■ HOW TO COMPLETE THIS TASK: Return the stretch from the line with "STATUS QUO |" through the line with "taylor_0023~0.jpg" in the data below, character for character, skipping all pictures.

■ DATA TO PROCESS:
——————————
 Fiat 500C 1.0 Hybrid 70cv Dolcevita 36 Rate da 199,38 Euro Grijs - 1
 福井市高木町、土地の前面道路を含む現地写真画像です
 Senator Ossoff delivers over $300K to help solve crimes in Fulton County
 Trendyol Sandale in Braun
——————————
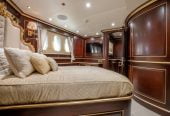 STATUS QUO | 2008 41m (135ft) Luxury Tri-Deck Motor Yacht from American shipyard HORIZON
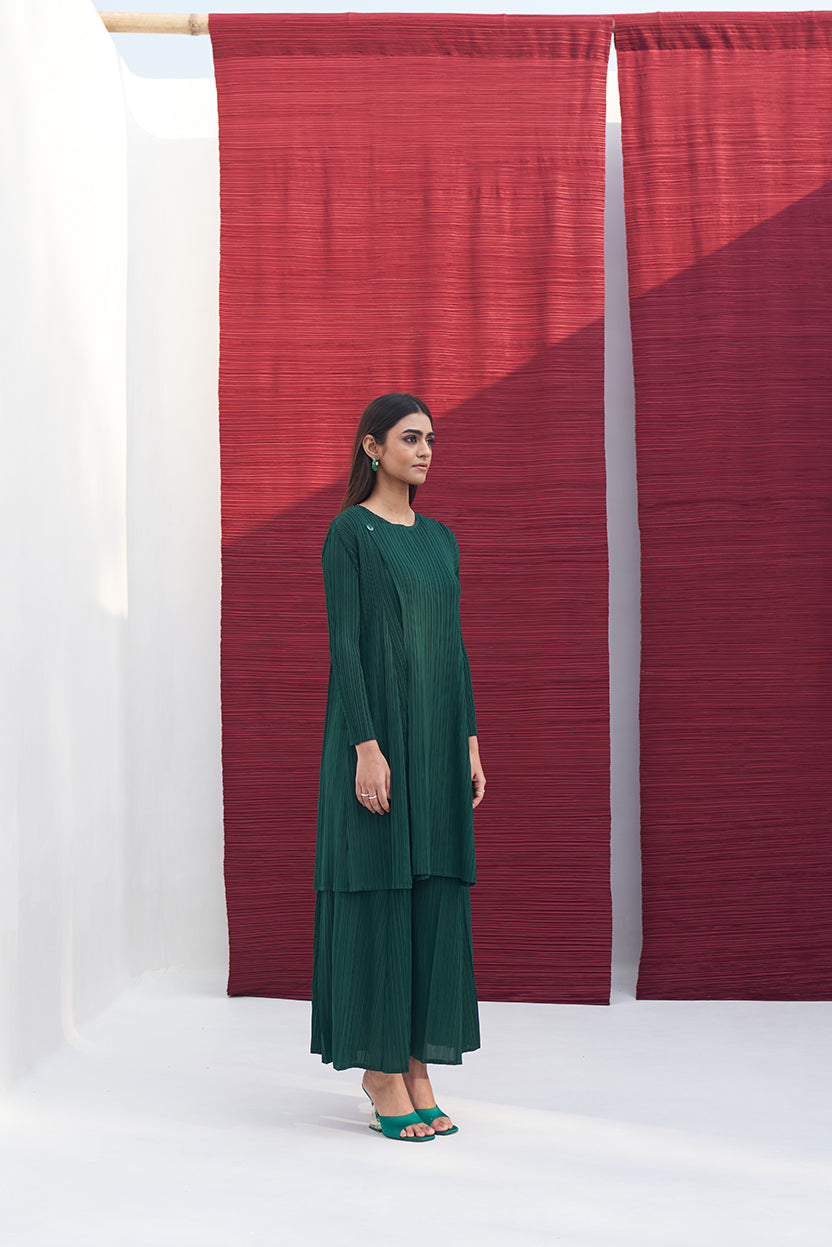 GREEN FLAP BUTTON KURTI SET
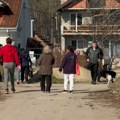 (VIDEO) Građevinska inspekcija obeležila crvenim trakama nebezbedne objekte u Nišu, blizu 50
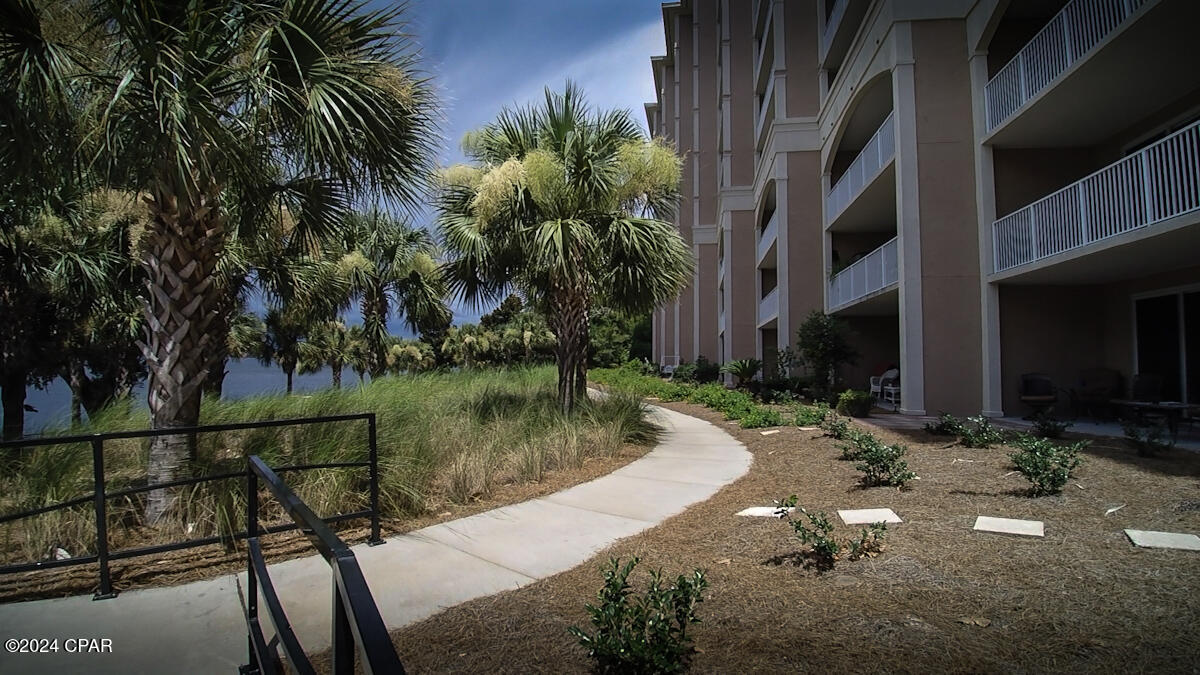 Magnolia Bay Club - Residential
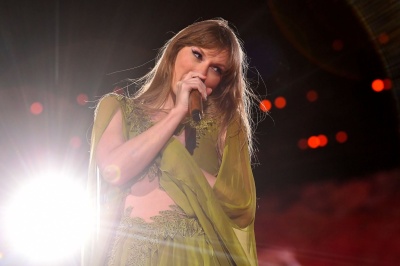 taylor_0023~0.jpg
——————————
■ YOUR SOLUTION:
 STATUS QUO | 2008 41m (135ft) Luxury Tri-Deck Motor Yacht from American shipyard HORIZON
 GREEN FLAP BUTTON KURTI SET
 (VIDEO) Građevinska inspekcija obeležila crvenim trakama nebezbedne objekte u Nišu, blizu 50
 Magnolia Bay Club - Residential
 taylor_0023~0.jpg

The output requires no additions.